Brennand turned himself in Tuesday night, San Antonio Police Chief William McManus said during a press conference. He now faces two counts of aggravated assault by a public servant.
McManus said the two charges were for each of the two people in the car at the time of the shooting.
Brennand shot 17-year-old Erik Cantu on Oct. 2. Body camera video showed Brennand walking toward a parked car in a McDonald's parking lot. He then opened the driver side door and ordered Cantu to get out of the car. Cantu, holding a hamburger, appeared shocked and reversed the car.
As the car backed away, the open door struck Brennand. About five seconds after he had opened the door, Brennand fired five rounds into the car. He fired an additional five shots as the car drove away.
Brennand, who had been on the force for less than one year, violated his training and police procedures after approaching the car, police training commander Alyssa Campos said in a statement announcing he had been fired.
"The officer abruptly opened the driver's door and ordered the driver out of the car" before the arrival of backup officers that Brennand had requested, Campos said.
"Nothing that that officer did that night were in accordance with our training or our policies," McManus said Monday.
McManus on Tuesday said that Brennand was certified to patrol alone, but that the shooting was "unjustified, both administratively and criminally."
He said that the department and training academy staff are "confident that our policies and our training, when it came to this type of incident, are sound."
"This was a failure for one individual police officer," McManus said. "It had nothing to do with our policies. Policies do not allow that. Our training does not teach that."
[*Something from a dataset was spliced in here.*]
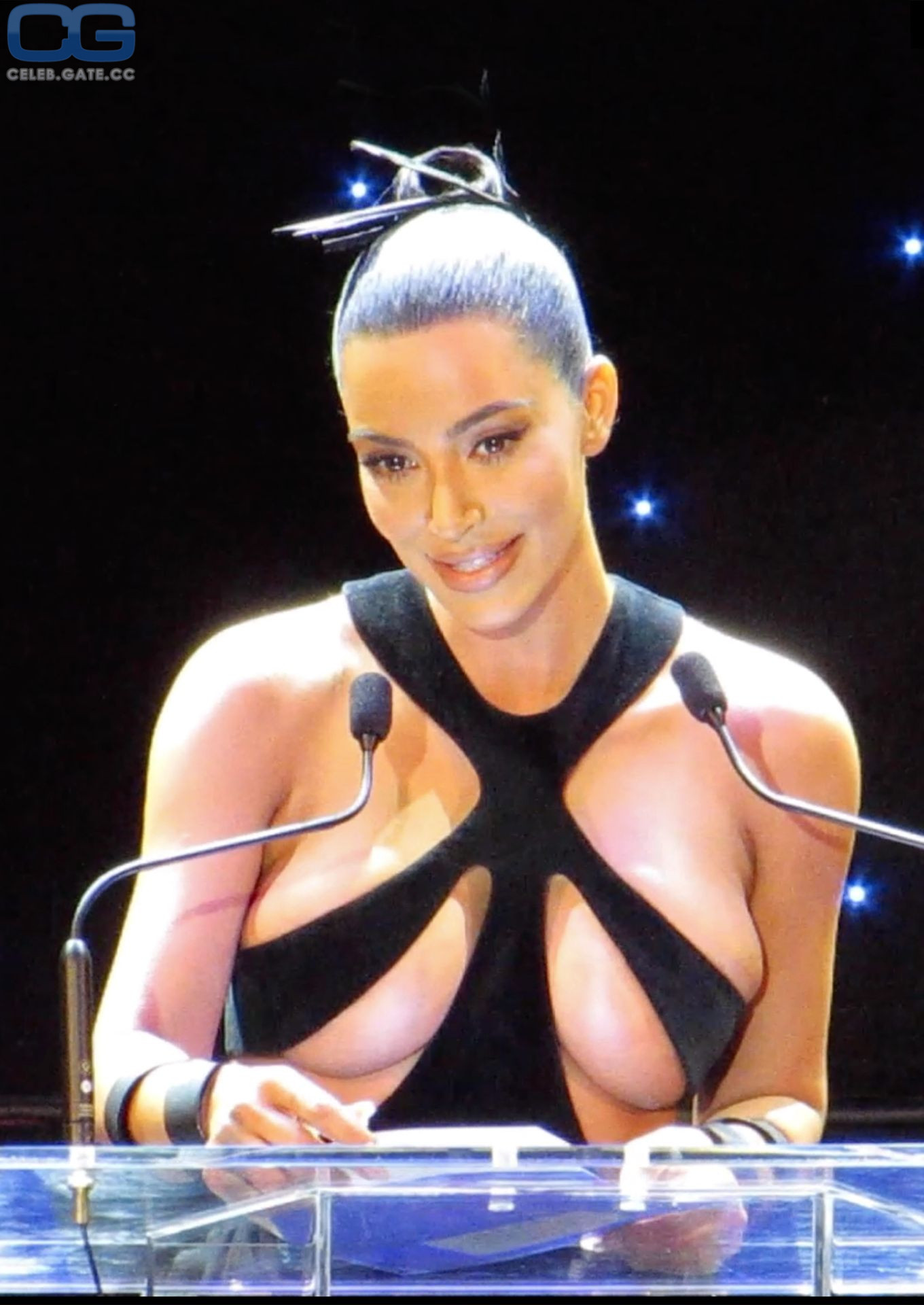 Kim Kardashian tits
Cantu's family said Tuesday that the teenager remains on life support.
"The last two days have been difficult and we expect more difficulty ahead, but we remain hopeful," the family said in a statement. "We'd like to correct any misrepresentations that Erik is in 'stable condition' or he is 'going to be fine.' That is not true. Every breath is a struggle for Erik. We ask for everyone's continued prayers for our son."
McManus noted in his Tuesday press conference that if Cantu "does not make it, then the charges will change."
Brennand was called to the McDonald's for an unrelated disturbance. He told investigators that the car looked like one that had evaded him the day before.
A Texas prosecutor said in a statement Friday that he has not seen enough evidence to file charges against the teenager.
"While Sunday's shooting of an unarmed teenager by a then-San Antonio Police officer remains under investigation, the facts and evidence we have received so far led us to reject the charges against Erik Cantu for further investigation," Bexar County District Attorney Joe Gonzales said.